The crash problem you described may be similar to https://drewdevault.com/2020/09/25/A-story-of-two-libcs.html
With certain values (negative ones?) glibc may crash.

llvm/tools/llvm-objcopy/ELF/Object.cpp
1293–1295

may need an unsigned char cast.

C11 says

The header <ctype.h> declares several functions useful for classifying and mapping characters.198) In all cases the argument is an int, the value of which shall be representable as an unsigned char or shall equal the value of the macro EOF. If the argument has any other value, the behavior is undefined.

The crash problem you described may be similar to https://drewdevault.com/2020/09/25/A-story-of-two-libcs.html
With certain values (negative ones?) glibc may crash.

Right, the the problem with the current code before the patch - by using a non-ascii character, some of the bytes of a multi-byte character invariably end up in the undefined range that causes problems with isalnum.

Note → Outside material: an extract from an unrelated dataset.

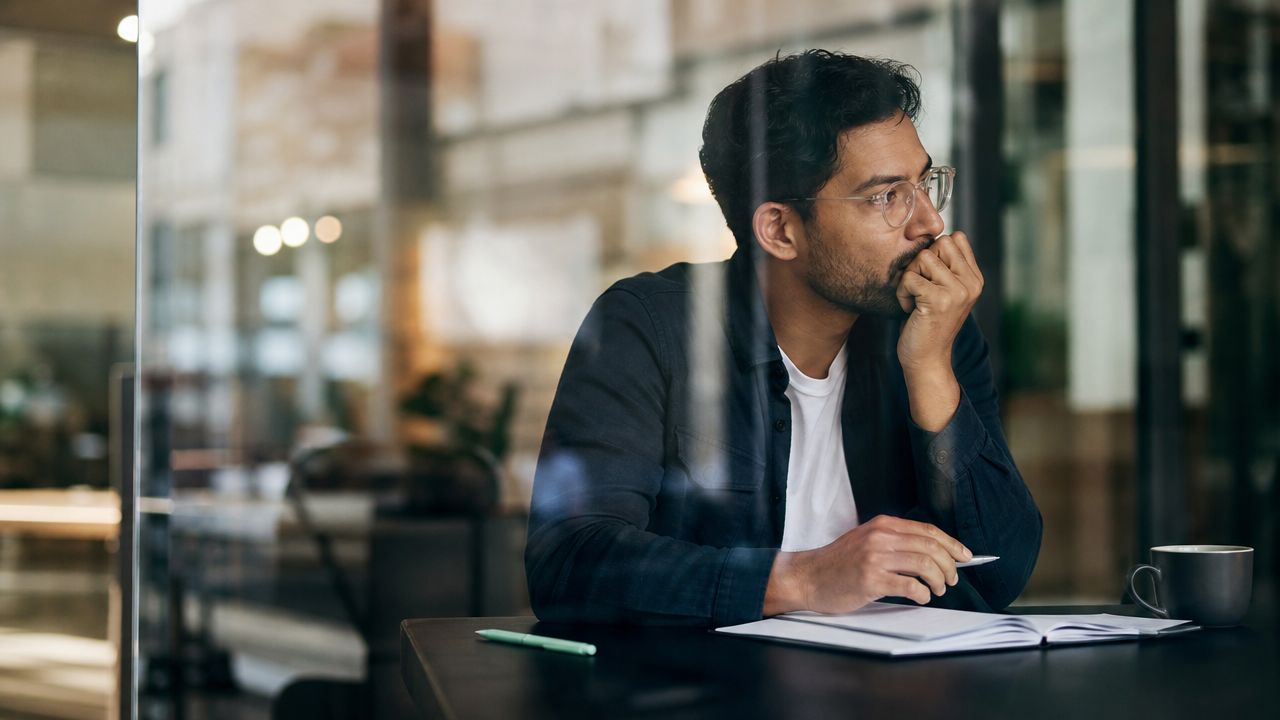 A thoughtful professional man sitting at a desk with a notebook while contemplating his business strategy.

It's basically the same as other issues I've been involved with in the past. Using llvm::isAlnum fixes the issue, since it doesn't have the same undefined behaviour.

llvm/tools/llvm-objcopy/ELF/Object.cpp
1293–1295

Why? The signature for isAlnum is bool isAlnum(char C).

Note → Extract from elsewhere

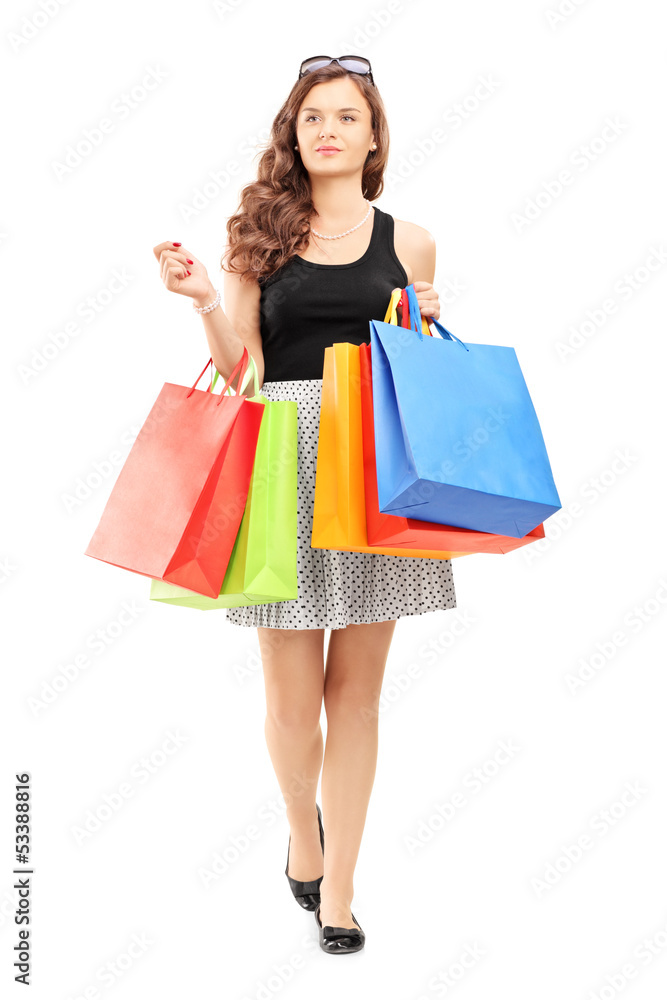 Full length portrait of a young woman walking with shopping bags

jhenderson added inline comments.Mar 4 2021, 2:57 AM
llvm/tools/llvm-objcopy/ELF/Object.cpp
1292–1293

FYI - I've fixed this linter issue locally, just haven't bothered uploading a new diff to resolve it.

MaskRay accepted this revision.Mar 4 2021, 2:33 PM

C11 says

The header <ctype.h> declares several functions useful for classifying and mapping characters.198) In all cases the argument is an int, the value of which shall be representable as an unsigned char or shall equal the value of the macro EOF. If the argument has any other value, the behavior is undefined.

The crash problem you described may be similar to https://drewdevault.com/2020/09/25/A-story-of-two-libcs.html
With certain values (negative ones?) glibc may crash.

Right, the the problem with the current code before the patch - by using a non-ascii character, some of the bytes of a multi-byte character invariably end up in the undefined range that causes problems with isalnum. It's basically the same as other issues I've been involved with in the past. Using llvm::isAlnum fixes the issue, since it doesn't have the same undefined behaviour.

OK, I did not check that llvm::isAlnum accepts char instead of int.

Still worth clarifying that this is fixing UB, which may be a crash on some implementations (glibc? Though I cannot reproduce it).

This revision is now accepted and ready to land.Mar 4 2021, 2:33 PM

Still worth clarifying that this is fixing UB, which may be a crash on some implementations (glibc? Though I cannot reproduce it).

Okay, I'll update the commit message. For reference, this crashed on Windows using VS2017 for me.

This revision was landed with ongoing or failed builds.Mar 5 2021, 1:03 AM
This revision was automatically updated to reflect the committed changes.